*Records supplied*

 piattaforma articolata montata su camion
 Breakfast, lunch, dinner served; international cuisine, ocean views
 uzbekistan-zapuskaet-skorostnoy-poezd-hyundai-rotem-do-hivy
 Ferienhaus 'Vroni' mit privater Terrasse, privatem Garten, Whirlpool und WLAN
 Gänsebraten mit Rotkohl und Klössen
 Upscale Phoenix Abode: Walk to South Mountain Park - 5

---

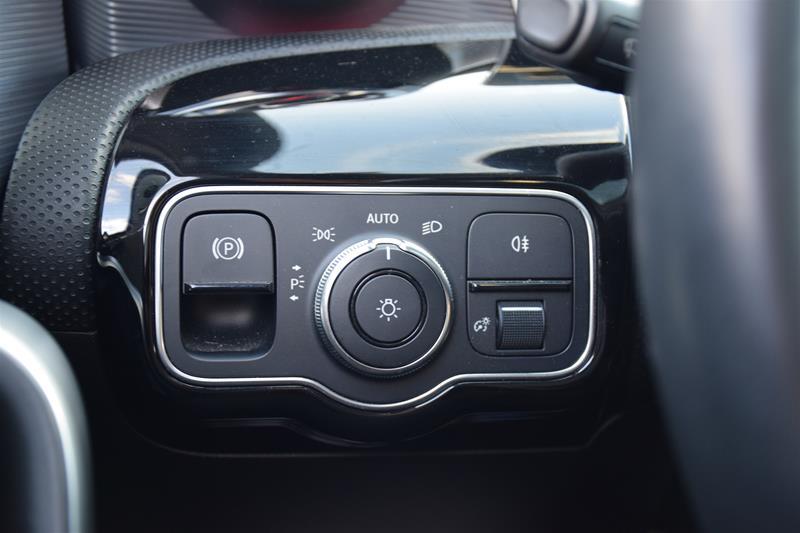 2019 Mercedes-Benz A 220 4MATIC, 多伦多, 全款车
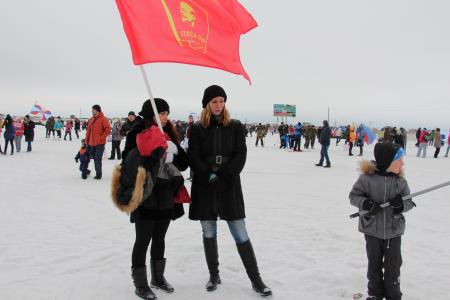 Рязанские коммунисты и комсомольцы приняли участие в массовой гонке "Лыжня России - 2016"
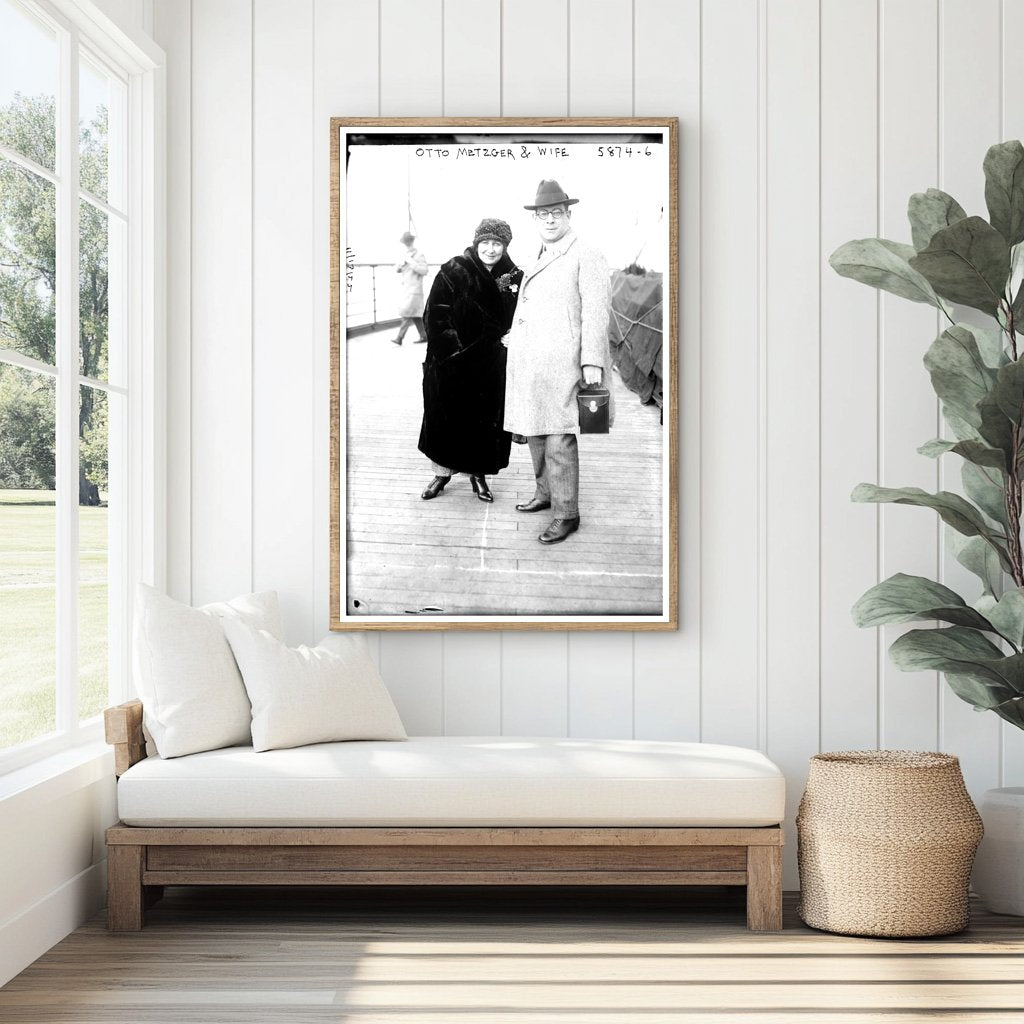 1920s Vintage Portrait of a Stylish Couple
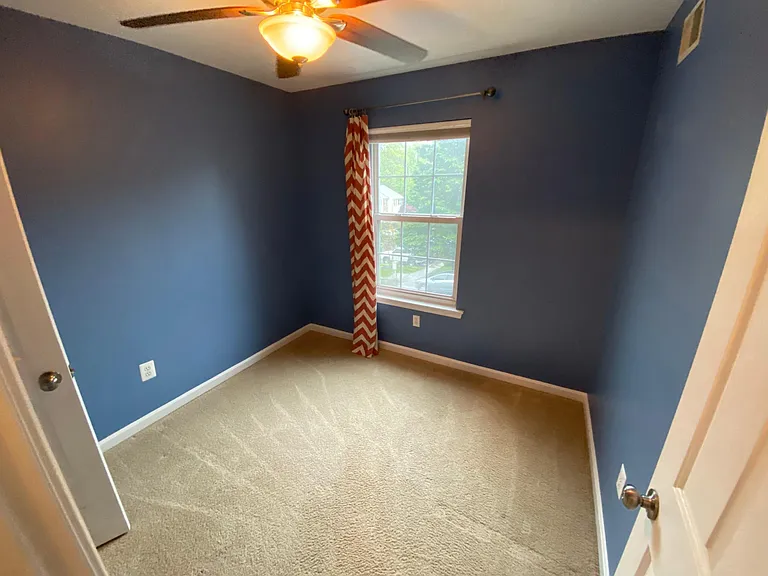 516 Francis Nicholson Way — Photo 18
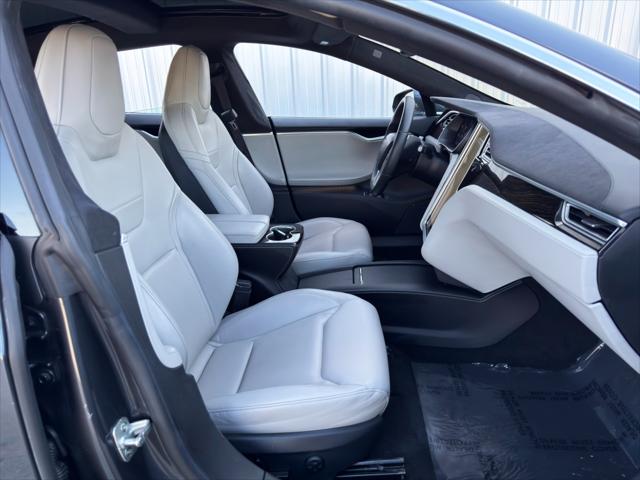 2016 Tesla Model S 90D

*Work to complete*
Leaving out the pictures, please output the lines in the entries above from the one with "Рязанские коммунисты и" through the one with "2016 Tesla Model S 90D", exactly as they are.

*Answer to the exercise*
 Рязанские коммунисты и комсомольцы приняли участие в массовой гонке "Лыжня России - 2016"
 1920s Vintage Portrait of a Stylish Couple
 516 Francis Nicholson Way — Photo 18
 2016 Tesla Model S 90D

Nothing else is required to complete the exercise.